We denote by [$]F(t_i, t_j)[$] the forward price for delivery day [$]t_j[$] observed on date [$]t_i[$].
    $$F(t_i, t_j)=F(0, t_j)\exp\left(-\frac{1}{2}\sigma(t_i,t_j)^2t_i+\sigma(t_i,t_j)W(t_i,m)\right)$$
    where
    - [$]m[$] is the month containing period [$]t_j[$]
    -[$]\sigma(t_i, t_j)[$] is the volatility for period [$]t_j[$] and expiry date [$]t_i[$]. It depends on the at-the-money monthly volatility [$]\sigma(t_i, m)[$] for expiry on [$]t_i[$] and on the forward volatility [$]\sigma_{fwd}(m)[$]
    $$\sigma(t_i, t_j) =\sqrt[]{\frac{\sigma(t_i(m),m)^2 t_i(m)+\sigma_{fwd}(m)^2 \Delta t_i}{t_i(m)+\Delta t_i}}$$
    where [$]t_i(m)[$] is the last day of the month preceding [$]m[$] and [$]\Delta t_i[$] is a time constant representing 15 days. By convention, [$]\sigma(t_i,m)[$] is the standard expiry volatility when [$]t_i[$] is past the standard expiry date.
 - [$]W(.,m)[$] is a standard Brownian motion.

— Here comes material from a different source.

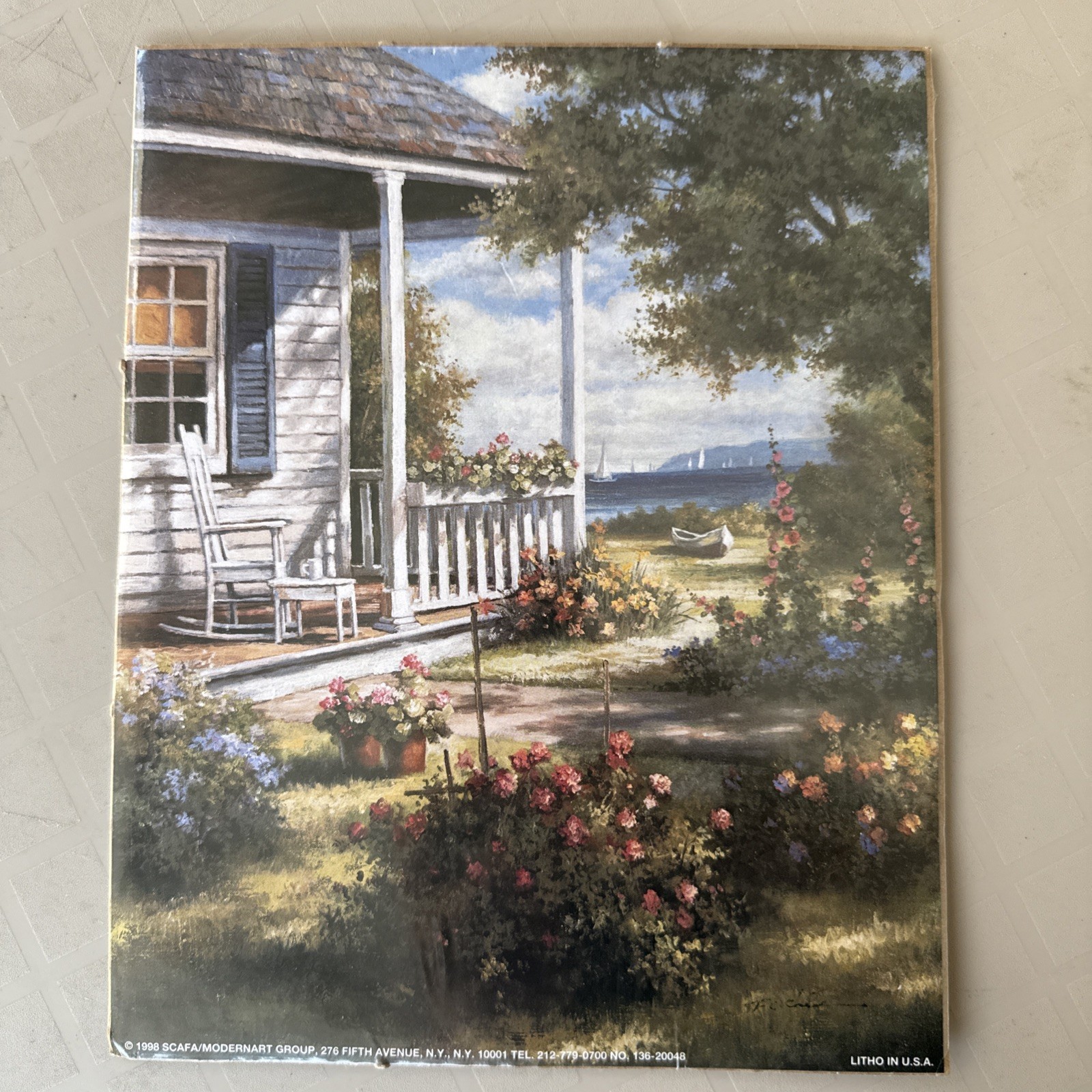 1998 Scafa / ModernArt Coastal View 8 x 10 Litho U.S.A. New Sealed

We denote by [$]\rho(m_1;m_2)[$] the time spread correlation between the standard Brownian motions [$]W(.,m_1)[$] and [$]W(.,m_2)[$] associated to months [$]m_1[$] and [$]m_2[$].

Given the previous process for my forward price, when using MCS for my prices, how is the correlation between the Brownian motions taking into account ?
I do know that [$]W^1_t=\rho W^2_t +\sqrt{1-\rho^2}Z_t[$] if [$]W^1_t[$] and [$]W^1_t[$] have correlation [$]\rho[$] and are independent of [$]Z_t[$], but then how is it accounted for in the MCS?